• _PROBLEM DESCRIPTION_: The stretch wanted below opens at the line containing "Seyrantepe Ara Kat 2+1 Bakımlı Boş Daire" and closes at the line containing "Imagen de la". Please return it exactly, with no other lines.
========================================================================
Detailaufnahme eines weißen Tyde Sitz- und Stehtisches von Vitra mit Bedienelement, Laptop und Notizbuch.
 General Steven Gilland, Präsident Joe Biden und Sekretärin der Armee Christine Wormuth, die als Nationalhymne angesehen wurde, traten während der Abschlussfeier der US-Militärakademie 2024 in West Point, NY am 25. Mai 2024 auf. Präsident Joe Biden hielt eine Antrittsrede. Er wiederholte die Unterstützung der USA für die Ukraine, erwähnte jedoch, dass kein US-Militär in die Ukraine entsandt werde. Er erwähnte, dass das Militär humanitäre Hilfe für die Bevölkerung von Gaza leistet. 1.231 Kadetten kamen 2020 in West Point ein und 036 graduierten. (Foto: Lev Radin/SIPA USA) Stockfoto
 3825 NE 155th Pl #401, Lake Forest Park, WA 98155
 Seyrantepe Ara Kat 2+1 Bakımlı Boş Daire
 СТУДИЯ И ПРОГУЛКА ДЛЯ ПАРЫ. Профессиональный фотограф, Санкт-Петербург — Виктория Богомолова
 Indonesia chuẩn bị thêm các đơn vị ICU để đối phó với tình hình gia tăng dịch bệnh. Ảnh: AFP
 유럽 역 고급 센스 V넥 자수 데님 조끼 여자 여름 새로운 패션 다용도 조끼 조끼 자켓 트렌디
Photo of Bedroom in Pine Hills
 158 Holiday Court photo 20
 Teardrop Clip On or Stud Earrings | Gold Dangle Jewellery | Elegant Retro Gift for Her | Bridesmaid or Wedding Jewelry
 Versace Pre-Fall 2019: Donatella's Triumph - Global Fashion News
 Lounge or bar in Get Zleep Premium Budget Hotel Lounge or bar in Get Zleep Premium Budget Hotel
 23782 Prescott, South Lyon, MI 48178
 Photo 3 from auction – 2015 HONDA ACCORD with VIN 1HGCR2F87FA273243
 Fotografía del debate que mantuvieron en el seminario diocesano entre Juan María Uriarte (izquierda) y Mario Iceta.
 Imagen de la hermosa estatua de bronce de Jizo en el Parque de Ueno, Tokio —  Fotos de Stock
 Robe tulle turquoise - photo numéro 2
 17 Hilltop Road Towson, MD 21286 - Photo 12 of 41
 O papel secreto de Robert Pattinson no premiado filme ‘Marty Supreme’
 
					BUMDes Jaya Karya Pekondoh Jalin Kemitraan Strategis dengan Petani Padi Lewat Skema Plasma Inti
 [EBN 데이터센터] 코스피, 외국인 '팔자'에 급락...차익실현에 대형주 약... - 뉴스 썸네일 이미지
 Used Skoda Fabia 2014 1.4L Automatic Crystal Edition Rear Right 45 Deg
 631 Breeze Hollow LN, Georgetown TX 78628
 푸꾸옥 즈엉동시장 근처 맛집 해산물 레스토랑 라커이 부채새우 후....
========================================================================
• _COMPLETED TASK_:
 Seyrantepe Ara Kat 2+1 Bakımlı Boş Daire
 СТУДИЯ И ПРОГУЛКА ДЛЯ ПАРЫ. Профессиональный фотограф, Санкт-Петербург — Виктория Богомолова
 Indonesia chuẩn bị thêm các đơn vị ICU để đối phó với tình hình gia tăng dịch bệnh. Ảnh: AFP
 유럽 역 고급 센스 V넥 자수 데님 조끼 여자 여름 새로운 패션 다용도 조끼 조끼 자켓 트렌디
Photo of Bedroom in Pine Hills
 158 Holiday Court photo 20
 Teardrop Clip On or Stud Earrings | Gold Dangle Jewellery | Elegant Retro Gift for Her | Bridesmaid or Wedding Jewelry
 Versace Pre-Fall 2019: Donatella's Triumph - Global Fashion News
 Lounge or bar in Get Zleep Premium Budget Hotel Lounge or bar in Get Zleep Premium Budget Hotel
 23782 Prescott, South Lyon, MI 48178
 Photo 3 from auction – 2015 HONDA ACCORD with VIN 1HGCR2F87FA273243
 Fotografía del debate que mantuvieron en el seminario diocesano entre Juan María Uriarte (izquierda) y Mario Iceta.
 Imagen de la hermosa estatua de bronce de Jizo en el Parque de Ueno, Tokio —  Fotos de Stock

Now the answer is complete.